FINDS Digital Forensics Center of Excellence, FIU

Project 3: Big Data Digital Forensics

Leads: Dr. Reddy (GSU)

Co-Leads: Dr. Iyengar (FIU), Dr. Meghanathan (JSU)

Introduction

Key aspects of digital forensics are use of scientific methods, collection, preservation, validation, identification, analysis, interpretation, and documentation. While a complete fingerprint or face is usually not available at the scene, the crime branch identifies related matches of criminal data through collected images or partial image data. We propose to develop algorithms to identify the closest match of fingerprint data or image data for a given partial image (fingerprint or image). In addition to algorithm development, we use GPU-based programming for real-time matching and ML techniques to automate and expedite the process. Digital Forensic models are scientifically derived and proven to be useful in the preservation, validation, identification, interpretation, documentation and presentation of digital evidence. These methods all work on information derived in facilitating the reconstruction of events from criminal or anticipated unauthorized actions involving disruption to planned operations. Project 3 is designed to preserve evidence in its most original form while performing a structured investigation by collecting, identifying, and validating digital information to reconstruct past events to minimize threats.

Preliminary Work

The GSU research group conducts investigations in “GPU-based architecture for latent fingerprint matching.” Latent fingerprints are difficult to analyze due to their poor image quality. The extracted latent fingerprint from a crime scene is normally 20 to 30 percent of an original fingerprint image and thus has limited minutiae that are required for a fingerprint match. We used the 3rd order Bezier curve, a smooth mathematical curve that is used to approximate curved objects such as ridges, to mark the positions on the ridges that create “minutiae.” The ridge specific markers provide potential information and ridge geometry creates new features to supplement the missing bifurcations and ridge endings. In Fig 3, the curve consists of four related points called endpoints (P0, P3) and control points (P1, P2). The control points define the shape of the curve and are positioned outside the curve. The Bezier curve does not pass through the control points. We proposed an algorithmic tool with ridge specific markers (that generates from minutiae) in the lines of handwritten character recognition. Based on our preliminary experiments, the proposed tool becomes a unique method in fingerprint recognition using latent prints [22]. Then the sampling model can be used for latent Bezier curve creation. We sample each edge in the latent fingerprint skeleton to form the Bezier sample to compare with the reference print. The process continues until the minimum acceptance (threshold) point reached between latent prints and reference prints. The comparison is the similarity between the latent and reference prints and with a match, we continue to match for all latent fingerprints. This method is unique and has been tested extensively. As the data scales in size, exponential problems of storage, organization, management and retrieval are immediate problems to consider. The new method using GPUs to help process such data and respond near real-time. Usually a general-purpose GPU cluster is suggested to process petabytes of data in seconds. A system with 16 GPUs performs 160 Trillion calculations per GPU per hour (2.5 Quadrillion calculations per hour) [20]. In such an environment, a process taking 200hours can be completed in an hour. For details refer to our earlier publications in this field [1-12]. A more extensive explanation of our preliminary research, including all preliminary work can be found in Appendix 5.

Research Objectives

To preserve any evidence in its most original form while performing a structured investigation through collecting, identifying, and validating the digital information it is necessary to reconstruct past events for minimizing the threats. We propose to handle the problem through “Large Scale Data Visualization” which involves use of cloud technology and GPU based programming for real-time solutions. High performance computing (GPU-based programming) has proven to produce results significantly faster than traditional computing. The outcomes will be presented as visual evidence for further investigation to resolve criminal cases.

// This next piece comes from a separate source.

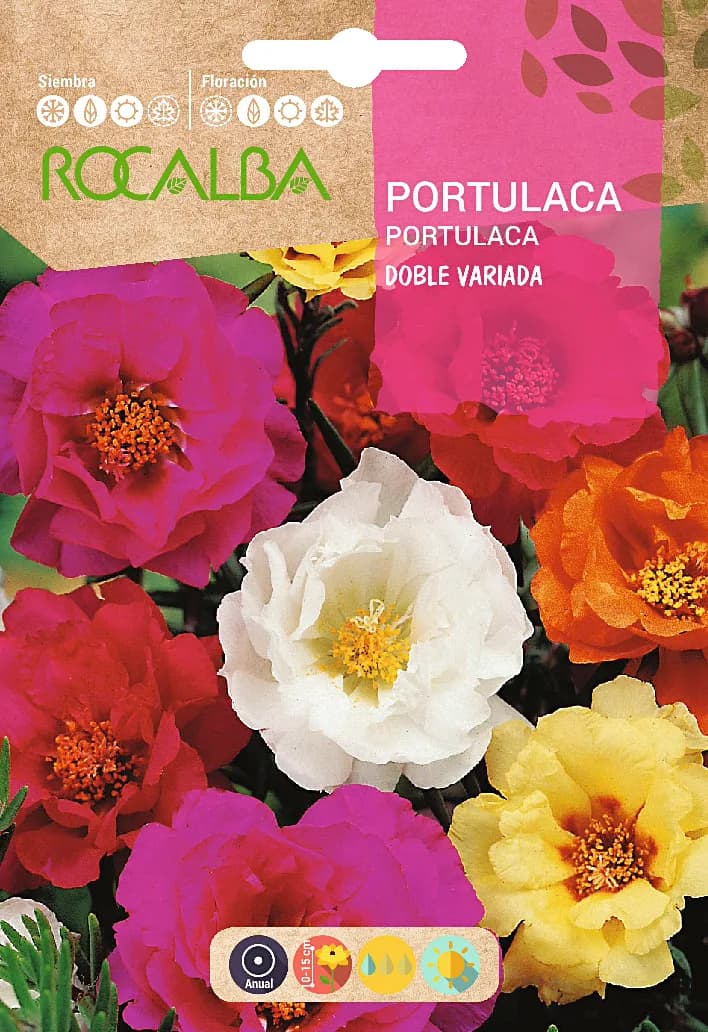 Semilla Portulaca Doble, Variada — foto principal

Task 1 – Retrieving forensic evidence from Log Files - It is a known fact that once the attacker finishes executing the action, the attacker attempts to remove (destroy) the evidence. Forensic investigations on virtual machines is challenging. We propose a model to formulize forensic analysis of event and trace logs [23, 24] that can give an insight into the access timestamps, event sequences, and possible attack scenario. We simulate and synthesize the attack scenario using the logs and event sequences collected to replicate/orchestrate the synchronous structure of the cyberattacks and get better insights into how these events can be averted in the future.
Task 2 - Forensic model using Hadoop Distributed File System (HDFS) - The volume of available data requires careful processing of real time data-streams from various sources. The incoming stream of data can have redundancies that need to be classified and filtered. This classification process enables us to identify the content of suspected phishing streams. The existing state-of-the-art tools lack capability in processing big forensic data sets. We propose a cloud-based architecture for collecting and analyzing big forensic datasets to create an economic and effective model. The model will utilize a cloud framework designed as Forensics-as-a-Service (FaaS) and be available to the investigators working on big datasets. Input parameters of stream of data includes log file entries (security logs), file system metadata structures, registry information, application logs, and network packets. Metadata helps to identify the association artifacts that can use used to investigate and verify fraud, abuse, and many other types of cybercrimes [9-14]. The Semantic Web-Based Framework for Metadata Forensic Examination and Analysis does the data acquisition and prevention, data examination, and data analysis. The digital forensics model includes the above noted characteristics. This data stream and fusion of information will be automated through the application of AI and Machine Learning techniques.

More specifically in this task, we propose a big data forensic model using HDFS and a cloud based conceptual model for reliable forensic investigation on big data streams. Google’s HDFS is designed to store very large datasets reliably and to stream those data sets at high bandwidth to user applications. The general model is given in Fig 4. Big data forensics is a challenge and requires on-line, real-time results. The proposed Hadoop framework will be used for large volumes of continuous data in real-time processing. Different files are generated by the proposed HDFS model during the process for forensic data analysis. The model includes redundancy handling, evidence collection, and cloud-based evidence instances [25].
Task 3: GPU-based Architecture for Latent Fingerprints - We propose a Python-based Anaconda Accelerate system using GPU architecture to respond with lower latency and better throughput than MapReduce [1,16]. This will be further enhanced using Deep Learning Techniques, with packages like TensorFlow, which will integrate the Bezier ridge descriptors to enhance matching of partial latent against reference fingerprints collected in the previous task. This will be achieved real-time enhancement of the current techniques that use the minutiae-based algorithms with a matching of ridge patterns, providing a deployable solution in critical battlefield operations.
We are currently using Docker container (software-as-a-service) for our research. The codebase developed for our project will be available in GitHub/BitBucket or other repositories with fork and push capabilities provided with permission to all collaborators including students.